## Excerpted records

BEGIN

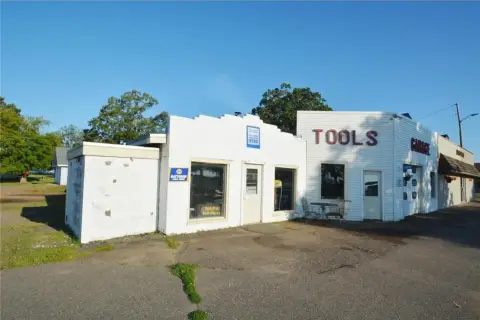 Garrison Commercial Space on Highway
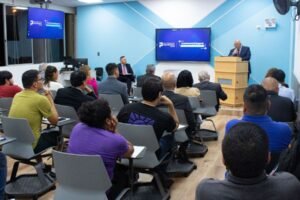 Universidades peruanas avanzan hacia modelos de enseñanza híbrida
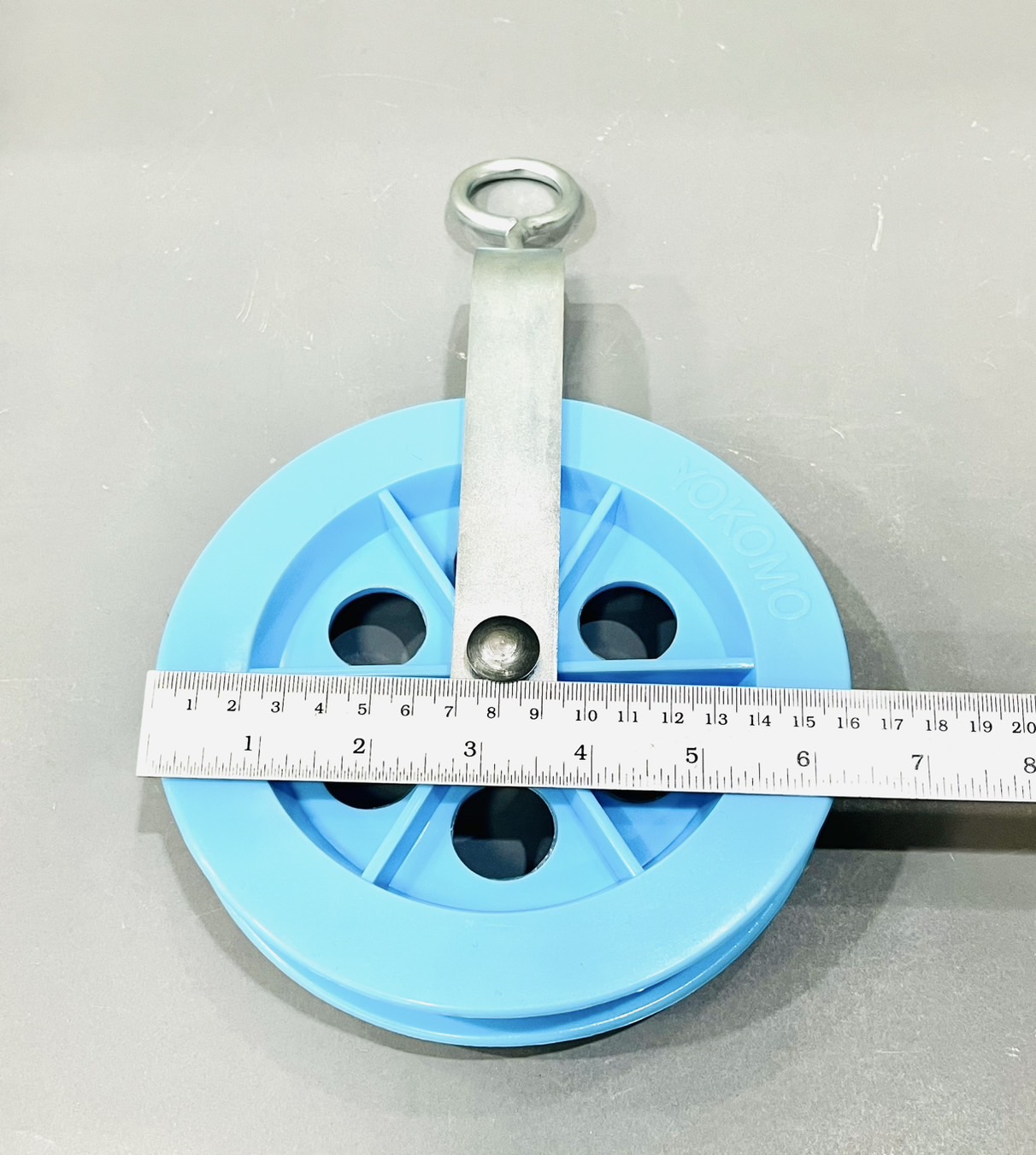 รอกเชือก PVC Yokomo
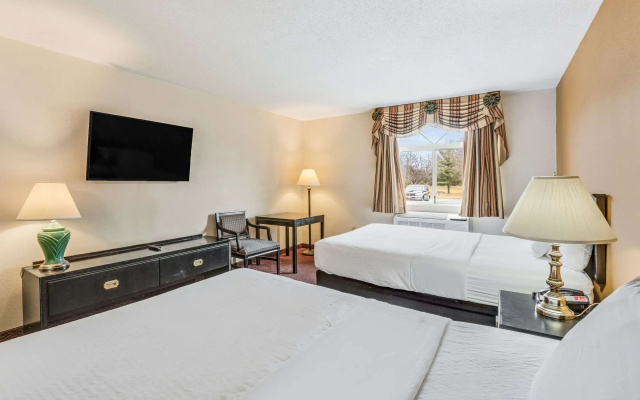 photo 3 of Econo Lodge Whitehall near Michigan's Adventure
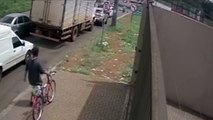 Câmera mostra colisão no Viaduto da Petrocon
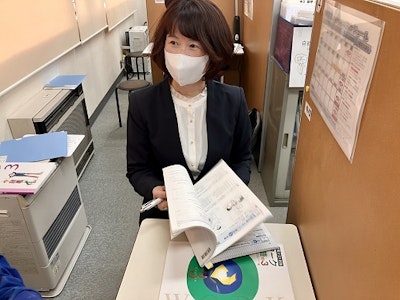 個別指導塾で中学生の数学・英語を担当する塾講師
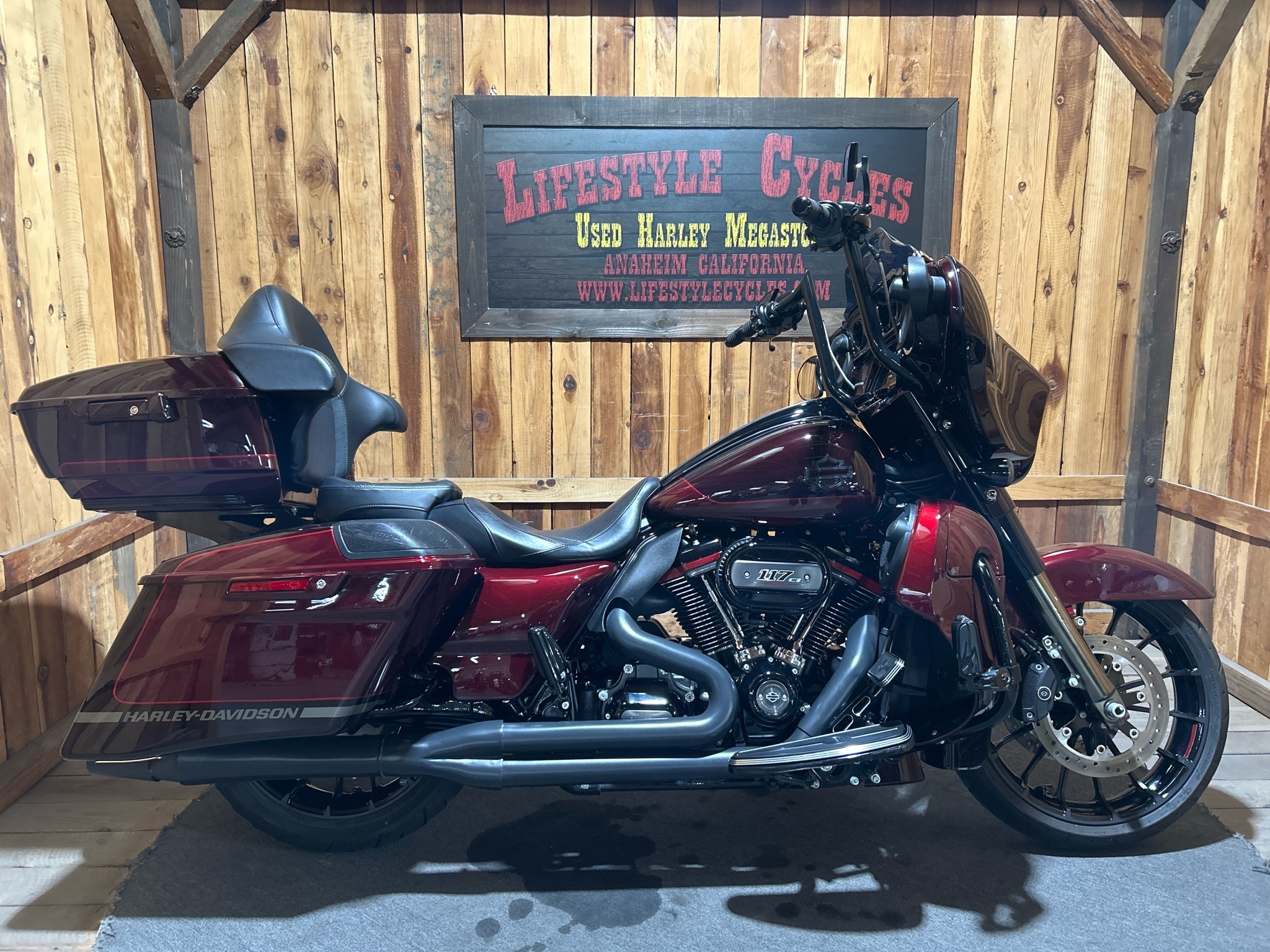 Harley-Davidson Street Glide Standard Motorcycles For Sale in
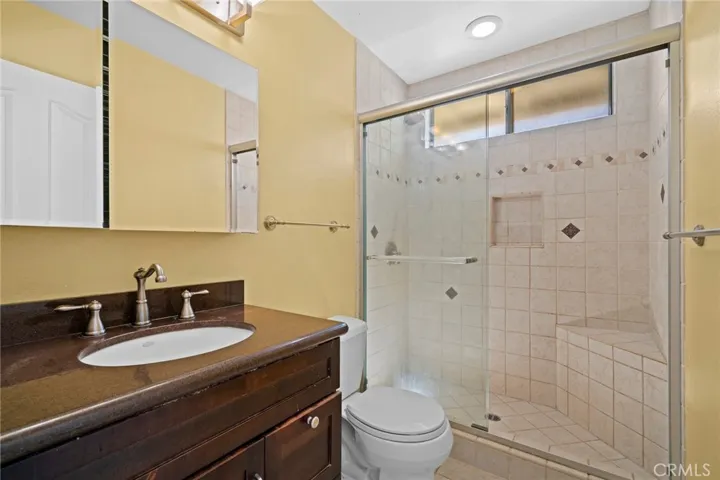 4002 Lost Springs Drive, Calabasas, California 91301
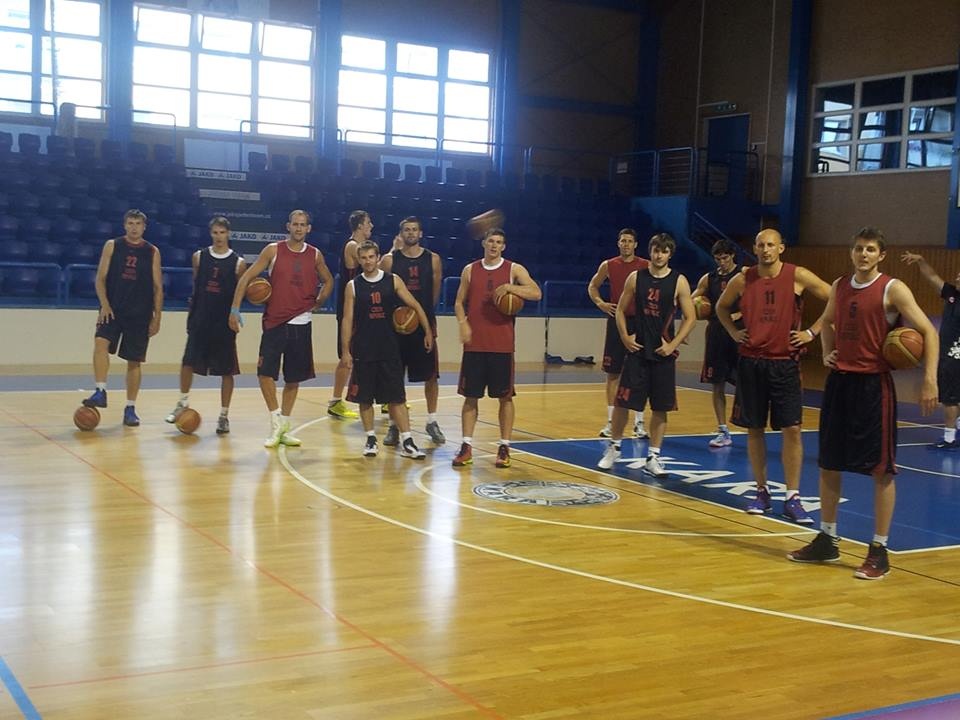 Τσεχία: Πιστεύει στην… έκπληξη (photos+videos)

END

## What the task asks
All lines from the one containing "Universidades peruanas avanzan" through the final line of the entries above are to be copied exactly; the pictures are not.

## Output of the task
 Universidades peruanas avanzan hacia modelos de enseñanza híbrida
 รอกเชือก PVC Yokomo
 photo 3 of Econo Lodge Whitehall near Michigan's Adventure
 Câmera mostra colisão no Viaduto da Petrocon
 個別指導塾で中学生の数学・英語を担当する塾講師
 Harley-Davidson Street Glide Standard Motorcycles For Sale in
 4002 Lost Springs Drive, Calabasas, California 91301
 Τσεχία: Πιστεύει στην… έκπληξη (photos+videos)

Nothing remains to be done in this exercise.